Railway Companies Meetings Act 1869
- Parliament of the United Kingdom
- Long title: An Act to repeal so much of The Regulation of Railways Act, 1868 as relates to the approval by meetings of incorporated railway companies of bills and certificates for conferring further powers on those companies.
- Citation: 32 & 33 Vict. c. 6
- Territorial extent: United Kingdom

Dates
- Royal assent: 19 April 1869
- Commencement: 19 April 1869
- Repealed: 25 August 1883

Other legislation
- Amends: Regulation of Railways Act 1868
- Repealed by: Statute Law Revision Act 1883

Status: Repealed

Text of statute as originally enacted

= Railway Companies Meetings Act 1869 =

Act of the Parliament of the United Kingdom

The Railway Companies Meetings Act 1869 (32 & 33 Vict. c. 6) was an act of the Parliament of the United Kingdom.
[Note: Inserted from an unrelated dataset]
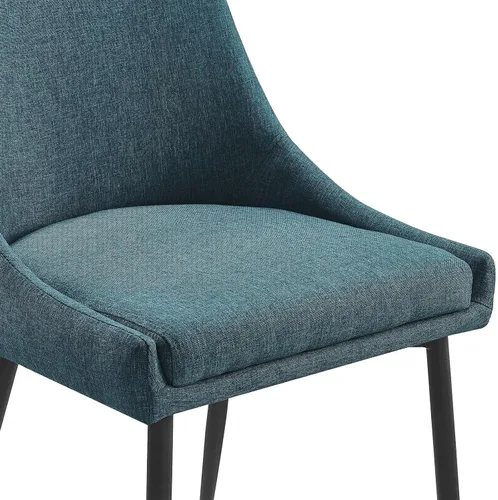 Vista 22 de Modway Viscount - Juego de 2 sillas de comedor tapizadas de tela, color blanco y negro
It repealed section 35 of the Regulation of Railways Act 1868 (31 & 32 Vict. c. 119), which related "to meetings of incorporated railway companies and the approval by such meetings of bills and certificates for conferring additional powers on those companies", with regard to any bill put before Parliament, or any application for a certificate made by a company, after 1 February 1869.

== Subsequent developments ==
The whole act was repealed by section 1 of, and the schedule to, the Statute Law Revision Act 1883 (46 & 47 Vict. c. 39), which came into force on 25 August 1883.